Methods: CBF measurements were obtained from 17
seronegative controls and 18 HIV+ subjects at 3 Tesla (General
Electric) scanner using ASL-MRI. Subjects were further subdivided into either
older (> 50 years old (yo)) or younger (< 35 yo) subgroups. cerebral
blood flow were recorded for a resting condition and a functional paradigm
consisting of a checkerboard stimulus flashing at 8Hz. A manually drawn visual
cortex region-of-interest was chosen based on previous MRI aging studies. An
analysis of variance (ANOVA) was performed that assessed the effects of age,
HIV serostatus, and their interaction on both resting and functional cerebral
blood flow changes with subsequent paired t tests utilized.
Results: HIV+ subjects were predominantly
male (56%); were taking ART (78%); and had undetectable viral loads (72%).

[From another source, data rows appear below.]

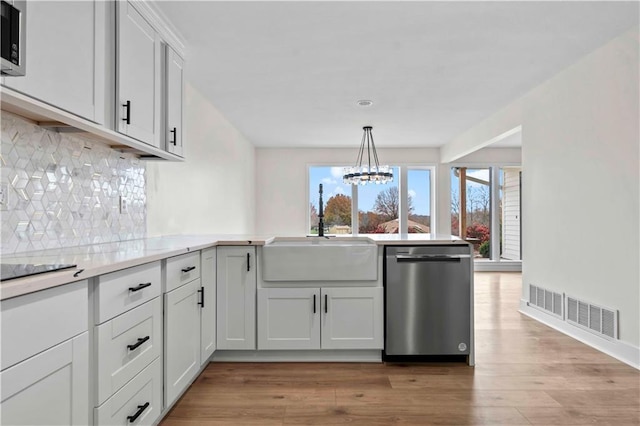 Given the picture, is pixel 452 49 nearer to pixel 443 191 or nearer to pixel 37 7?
pixel 37 7

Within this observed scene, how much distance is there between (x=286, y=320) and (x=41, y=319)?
1.80 m

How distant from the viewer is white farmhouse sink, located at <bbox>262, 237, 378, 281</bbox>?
2.69m

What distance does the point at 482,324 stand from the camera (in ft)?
12.4

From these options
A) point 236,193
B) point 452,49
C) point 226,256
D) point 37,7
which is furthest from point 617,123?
point 236,193

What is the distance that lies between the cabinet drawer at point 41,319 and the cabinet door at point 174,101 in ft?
4.82

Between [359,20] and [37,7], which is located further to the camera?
[359,20]

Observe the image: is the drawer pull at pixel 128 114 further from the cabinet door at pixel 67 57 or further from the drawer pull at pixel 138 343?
the drawer pull at pixel 138 343

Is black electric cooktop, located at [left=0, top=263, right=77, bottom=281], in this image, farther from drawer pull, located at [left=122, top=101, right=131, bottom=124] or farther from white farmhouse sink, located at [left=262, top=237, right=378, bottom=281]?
white farmhouse sink, located at [left=262, top=237, right=378, bottom=281]

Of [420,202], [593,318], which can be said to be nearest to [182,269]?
[593,318]

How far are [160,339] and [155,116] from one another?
1296 millimetres

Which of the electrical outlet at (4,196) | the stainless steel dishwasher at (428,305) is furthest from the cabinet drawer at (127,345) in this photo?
the stainless steel dishwasher at (428,305)

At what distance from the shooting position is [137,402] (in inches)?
63.7

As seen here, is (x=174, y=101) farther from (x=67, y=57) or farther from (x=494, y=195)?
(x=494, y=195)

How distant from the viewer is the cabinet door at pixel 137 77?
1925mm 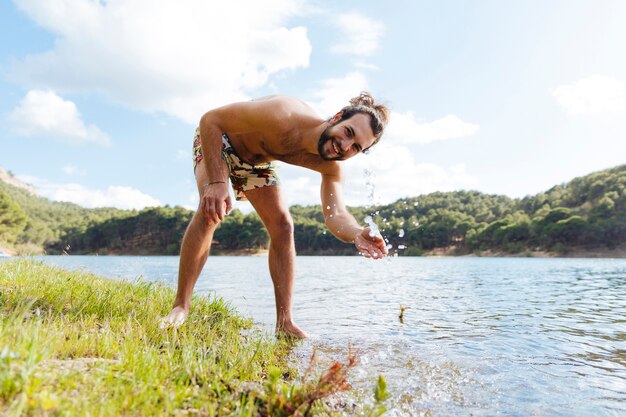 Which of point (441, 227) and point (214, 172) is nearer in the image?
point (214, 172)

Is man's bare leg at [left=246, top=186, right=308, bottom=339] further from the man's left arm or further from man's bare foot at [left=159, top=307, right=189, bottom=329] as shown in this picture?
man's bare foot at [left=159, top=307, right=189, bottom=329]

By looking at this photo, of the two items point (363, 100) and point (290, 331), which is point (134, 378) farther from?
point (363, 100)

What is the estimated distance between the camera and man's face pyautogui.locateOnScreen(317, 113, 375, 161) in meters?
3.57

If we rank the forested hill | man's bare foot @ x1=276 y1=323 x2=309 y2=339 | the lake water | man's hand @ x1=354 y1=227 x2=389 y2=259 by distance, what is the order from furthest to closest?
the forested hill < man's bare foot @ x1=276 y1=323 x2=309 y2=339 < man's hand @ x1=354 y1=227 x2=389 y2=259 < the lake water

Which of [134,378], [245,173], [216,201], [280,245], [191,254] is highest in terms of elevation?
[245,173]

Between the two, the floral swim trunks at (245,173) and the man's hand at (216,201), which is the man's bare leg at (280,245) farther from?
the man's hand at (216,201)

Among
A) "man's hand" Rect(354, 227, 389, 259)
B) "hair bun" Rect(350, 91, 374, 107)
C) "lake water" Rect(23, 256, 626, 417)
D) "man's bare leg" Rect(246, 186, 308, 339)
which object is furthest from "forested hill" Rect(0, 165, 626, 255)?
"man's hand" Rect(354, 227, 389, 259)

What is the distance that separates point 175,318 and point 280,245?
1.27m

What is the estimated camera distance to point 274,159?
424cm

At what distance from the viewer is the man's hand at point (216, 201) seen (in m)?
3.41

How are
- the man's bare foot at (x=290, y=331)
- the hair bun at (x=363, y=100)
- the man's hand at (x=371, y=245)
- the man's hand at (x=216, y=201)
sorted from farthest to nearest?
the man's bare foot at (x=290, y=331) < the hair bun at (x=363, y=100) < the man's hand at (x=216, y=201) < the man's hand at (x=371, y=245)

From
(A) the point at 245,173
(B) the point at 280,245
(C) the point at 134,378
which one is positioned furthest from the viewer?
(B) the point at 280,245

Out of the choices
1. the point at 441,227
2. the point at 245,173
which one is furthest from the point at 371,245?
the point at 441,227

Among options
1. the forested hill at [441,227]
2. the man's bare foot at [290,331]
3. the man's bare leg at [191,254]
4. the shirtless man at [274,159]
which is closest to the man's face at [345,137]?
the shirtless man at [274,159] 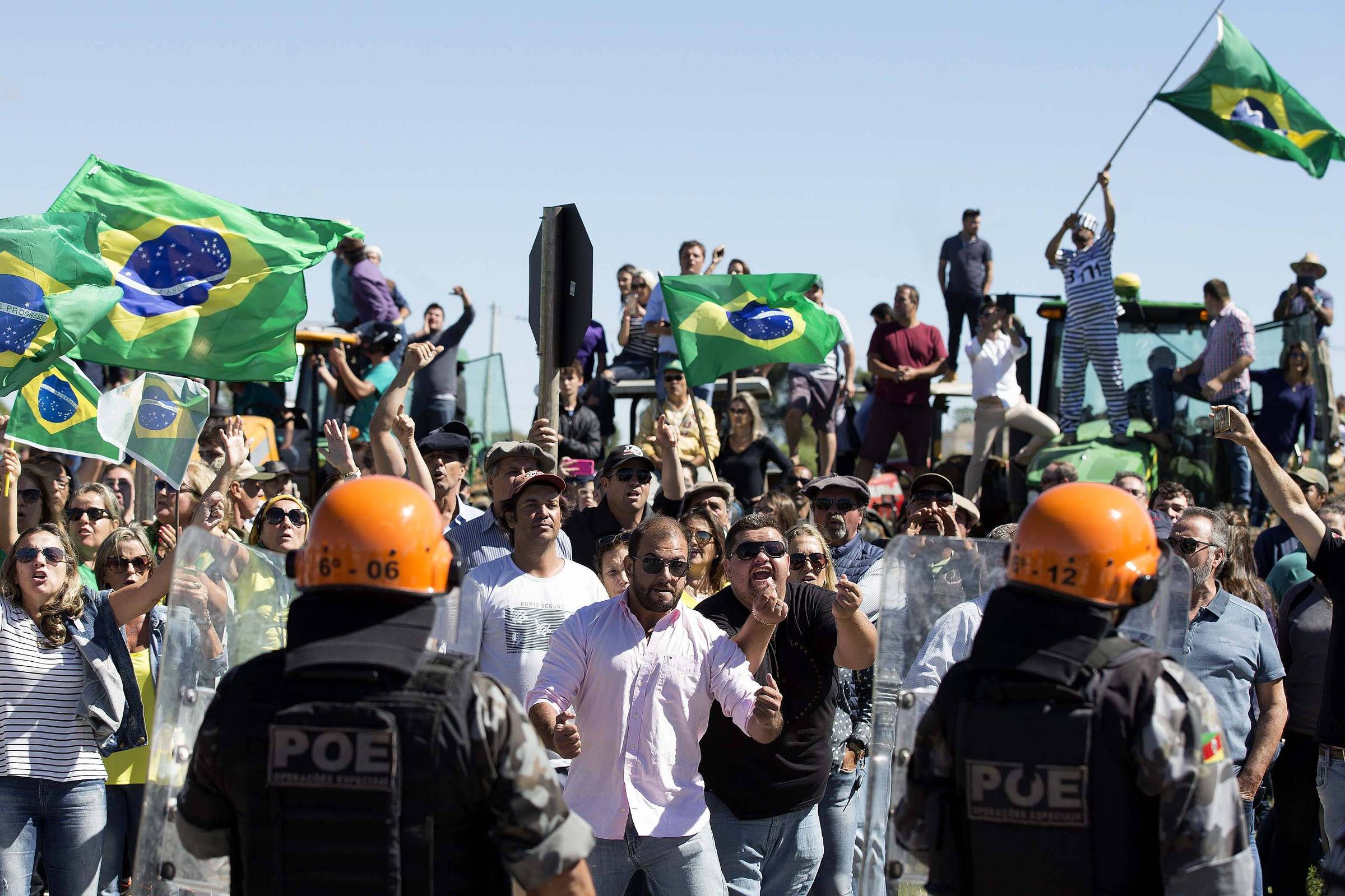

The
breakdown of groups consisted of 9 younger seronegative controls (mean 27 years
old), 8 older seronegative controls (mean 54 years), 10 younger HIV+
(mean 27 years), and 8 older HIV+ (mean 55 years). An ANOVA revealed
that both age (p = 0.03) and HIV+ status (p = 0.04) affected
baseline cerebral blood flow. Subsequent paired t test comparisons
demonstrated that older HIV+ subjects had a greater decline in
baseline cerebral blood flow than either younger seronegative controls (p
= 0.02) or older seronegative controls (p = 0.04). An ANOVA also
revealed an effect of age (p = 0.03) on functional cerebral blood flow changes.
Older HIV+ subjects also had greater functional cerebral blood flow
changes than any other all group (p = 0.01) on paired t test
comparisons. There was no correlation between nadir CD4, current CD4, or HIV
RNA levels and cerebral blood flow measures within HIV+ subjects.
Conclusions: There may be an additive effect aging and HIV on
brain function with the greatest changes in cerebral blood flow occurring
within older HIV+ subjects. Observed differences do not correlate
with existing markers of HIV disease and could reflect ongoing inflammation and
oxidative stress that continue to occur despite relatively good virologic
control by ART. Cerebral blood flow measurements may therefore act as a
non-invasive surrogate biomarker for assessing effects of HIV in the aging
brain.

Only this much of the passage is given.